Enable USBX device stack. Use when STM32 is always USB device.

UX_STANDALONE

Define for no-OS (bare-metal) projects

USBX runs without an RTOS. Used by STM32 *_no_os examples.

UX_ALIGN_MIN

Set to UX_ALIGN_8 on STM32

Ensures buffers are properly aligned for USB/DMA. Required by ST USB drivers.

UX_PERIODIC_RATE

Typically 100

USBX internal tick frequency (10 ms). Align with system tick where possible.

UX_CONTROL_TRANSFER_TIMEOUT

Keep generous (for example 10000)

Timeout for control transfers (enumeration, standard requests).
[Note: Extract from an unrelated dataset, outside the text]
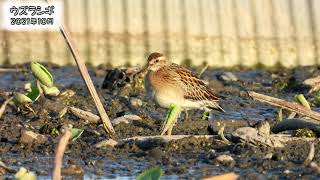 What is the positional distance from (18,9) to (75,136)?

UX_NON_CONTROL_TRANSFER_TIMEOUT

Keep generous (for example 50000)

Timeout for noncontrol transfers (bulk, interrupt, isochronous).

Debug and safety options

These options are part of USBX middleware and are supported in ST examples.

Macro

Use in development

Use in Production

UX_ENABLE_DEBUG_LOG

Enabled if you need USBX logs

Typically disabled to reduce overhead

UX_DEBUG_LOG_SIZE

Small-medium value (for example 256-512)

0 or keep disabled log

UX_ENABLE_ASSERT

Enabled for bring-up and validation

Disabled to avoid extra checks and code

UX_ENABLE_ERROR_CHECKING

Enabled while validating integration

Often disabled in size-optimized builds

UX_ENABLE_PARAM_CHECKING

Enabled in early development

Disabled once configuration is stable

Name and alignment helpers:

Macro

Recommended usage

Notes

UX_ENFORCE_SAFE_ALIGNMENT

Optional; enable for strict alignment debug

Typically disabled in production builds.

UX_NAME_REFERENCED_BY_POINTER

Enable in footprint-focused projects

USBX stores pointers to names instead of copies. Strings must be static or stay valid during USBX lifetime.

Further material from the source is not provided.